Robert Nash et Brandon Koch, plaignants dans l'affaire «New York State Rifle & Pistol Association Inc. v. Corlett», ont essuyé un refus d'octroi de permis de port d'arme après que leur demande «n'a pas réussi à démontrer un “motif valable” pour porter une arme à feu en public à des fins d'autodéfense et n'a pas démontré un besoin spécial d'autodéfense qui les distinguait du public en général». Soutenus par la New York State Rifle & Pistol Association, les plaignants avancent que le 2e amendement protège le droit de porter une arme en dehors de son domicile à des fins d'autodéfense. Précédemment, la Cour d'Appel pour le 2e circuit avait confirmé le jugement en première instance, considérant que la «proper clause» ne constitue pas une violation du 2e amendement.

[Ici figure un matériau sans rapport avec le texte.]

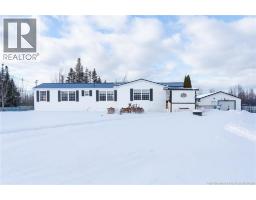 142 Middlesex, colpitts settlement, New Brunswick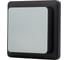 Терморегулятор Warmcoin W600i MIRROR BLACK (Zigbee) W_600_Zig_MirBk_ 4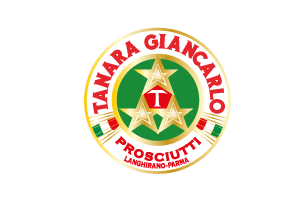 tanara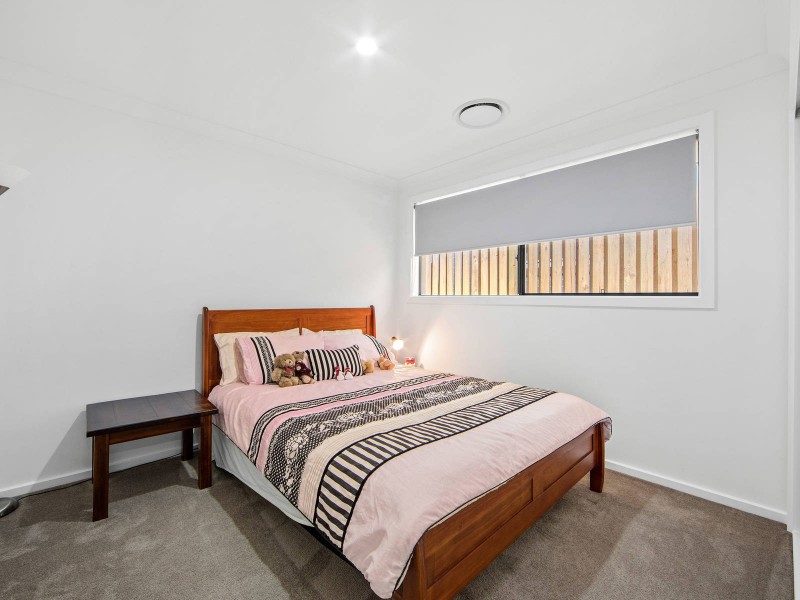 52A Brierley Avenue, Port Macquarie NSW 2444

Au regard des décisions Heller et McDonald, la Cour suprême considérera-t-elle que le droit de porter une arme tel que garanti par le 2e amendement peut être subordonné à l'existence d'un motif réel et sérieux? L'opinion du juge Alito dans l'affaire McDonald permet d'en douter: «Notre décision dans l'affaire Heller indique sans ambiguïté la réponse. L'autodéfense est un droit fondamental, reconnu par de nombreux systèmes juridiques de l'Antiquité à nos jours, et dans l'affaire Heller, nous avons affirmé que l'autodéfense individuelle est “l'élément central” du droit garanti par le deuxième amendement.»